The Road: The Tragedy of One () is a 2021 South Korean television series directed by Kim No-won and starring Ji Jin-hee, Yoon Se-ah, Kim Hye-eun and Kim Sung-soo. Based on the work by Rintaro Norizuki, the series tells the story of the ugly desires, secrets, guilt and salvation of 'Royal the Hill', where only the top 1% of Korea live. It premiered on tvN on August 4, 2021, and aired on Wednesdays and Thursdays at 22.30 (KST) for 12 episodes.

Synopsis
"Royal the Hill" is a posh place where top one percent of Koreans live. The series tells the secrets, desires, guilts and salvation of the residents of this place.

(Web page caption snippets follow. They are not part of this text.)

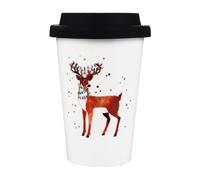 OUNONA Mug en Céramique de Noël sans Anse avec Couvercle en Silicone et Cuillère, Tasse à Café Festive 350 Ml pour Maison Bureau Café, Gobelet à Boire Réutilisable et Couleur Aléatoire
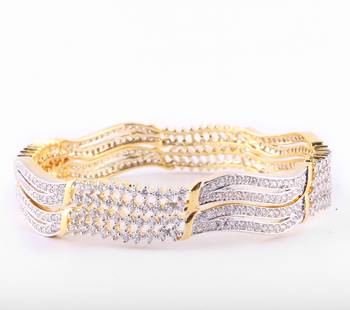 Exquisite Gold Platd Bangles With Colet And Bezel  Setting 1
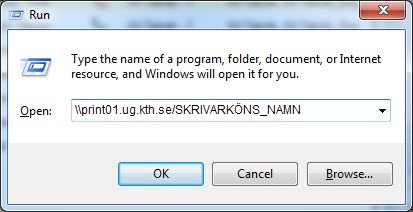 Printer que shortcut needs to be entered in the Run command field.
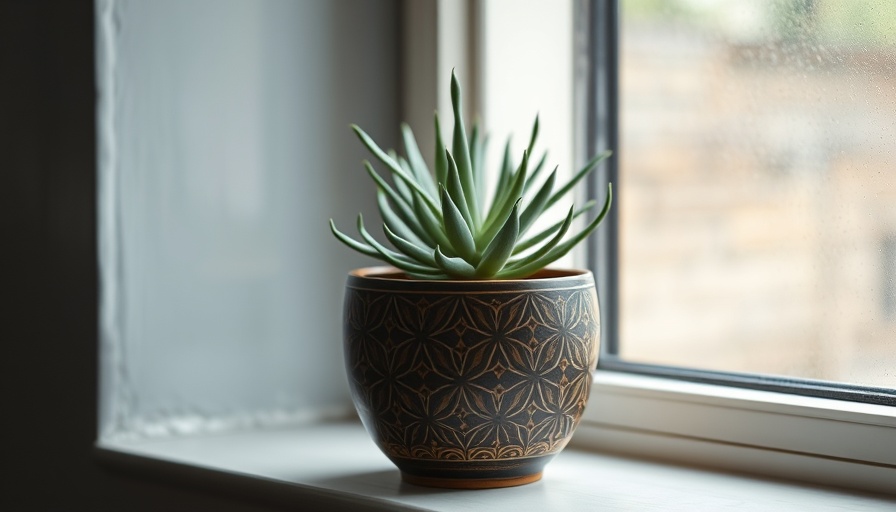 Succulent with plant care issues in patterned pot on windowsill.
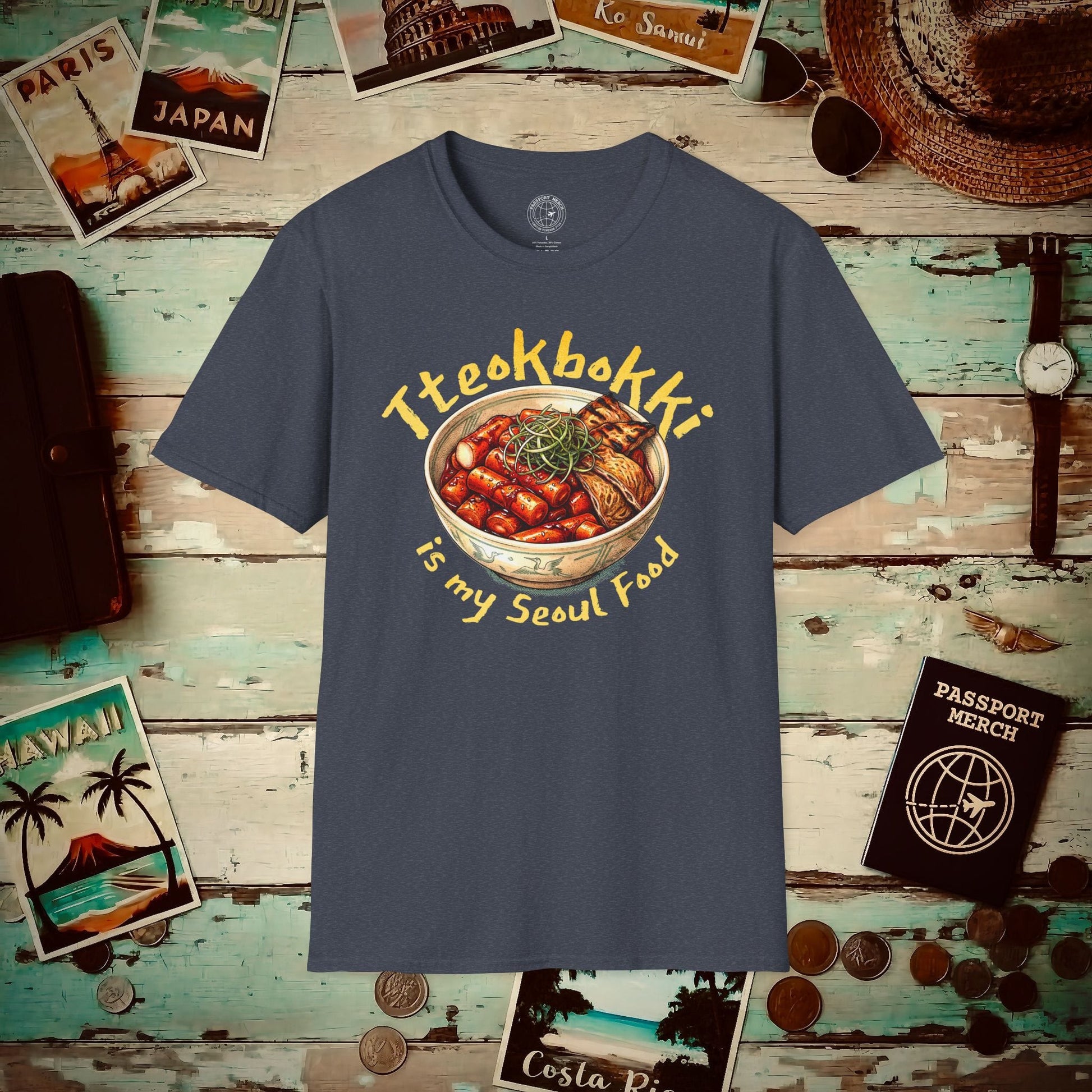 Tteokbokki is my Seoul Food, Korea T-Shirt Heather Navy / S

Baek Soo-hyeon (Ji Jin-hee) the protagonist is a trusted anchor 
with strong beliefs. His words are taken as the truth, but he is a cold-hearted man. He will use any means to get what he desires. He is married to Seo Eun-soo (Yoon Se-ah), who is a daughter of chairman of the Jegang Group, a heavy weight having influence in the political and economic worlds.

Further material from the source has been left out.